Although mcDESPOT and the Carr-Purcell-Meiboom-Gill techniques used in previous nuclear MR spectroscopic studies involve the use of different pulse sequences and reconstruction algorithms to measure multicomponent T2 parameters, there is evidence to suggest that FF measured by using mcDESPOT also may reflect the proteoglycan content of cartilage. The T2F values of cartilage measured by using mcDESPOT in our study are similar to values measured by using Carr-Purcell-Meiboom-Gill techniques in previous nuclear MR imaging studies (24–26). In addition, the depth-dependent decrease in FF from the bone-cartilage interface to the articular surface in our study correlates well with the depth-dependent decrease in the proteoglycan content of cartilage (43–46). Furthermore, proteoglycan loss due to trypsin degradation of ex vivo bovine cartilage specimens has been shown to decrease FF significantly in superficial cartilage measured by using mcDESPOT (47). However, additional studies are needed to allow direct correlation of FF measured by using mcDESPOT with the proteoglycan content of cartilage to determine whether the MR parameter can serve as a sensitive and specific biomarker of proteoglycan in cartilage.

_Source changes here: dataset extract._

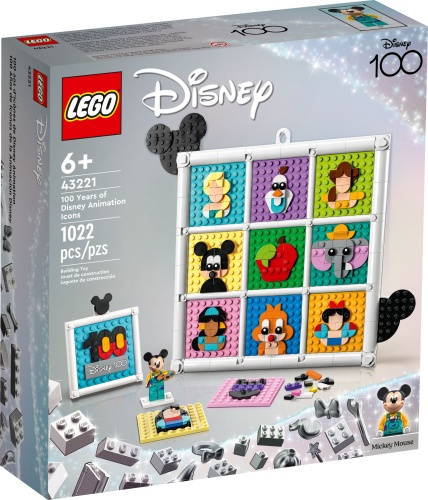 LEGO® 43221 Disney 100 Jahre Disney Zeichentrickikonen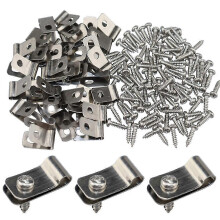 Agrafes pour clôture en fil de fer, 100 pièces, agrafes pour fil de clôture en aluminium pour fil de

Our study results suggest that FF may be more sensitive than T2Single for detection of cartilage degeneration in patients with osteoarthritis of the knee and may allow greater diagnostic performance for distinguishing morphologically normal cartilage from morphologically degenerative cartilage at receiver operating characteristic analysis. The improved diagnostic performance of FF for detection of cartilage degeneration may be due to the fact that FF is primarily influenced by the proteoglycan content of cartilage, while T2Single is a nonspecific parameter influenced by multiple potentially competing biologic changes that occur during cartilage degeneration. For example, changes in degenerative cartilage such as a reduction in macromolecular content (14–16) and loss of tissue anisotropy due to disruption of the highly organized collagen fiber network (17–19) would result in an increase in T2Single. However, this increase in T2Single may be offset partially by simultaneous changes that decrease T2Single such as collagen denaturation, which creates additional sites of interaction between water and collagen molecules (48). Although results of previous studies have shown that T2Single can allow detection of cartilage degeneration in both ex vivo specimens (7) and human subjects (8–12), our results suggest that FF allows greater diagnostic performance for distinguishing normal from degenerative cartilage. FF measured by using mcDESPOT has the additional advantage of being relatively uninfluenced by the magic angle effect, which leads to spurious increases in T2Single when cartilage is oriented at 55° relative to the main magnetic field (49).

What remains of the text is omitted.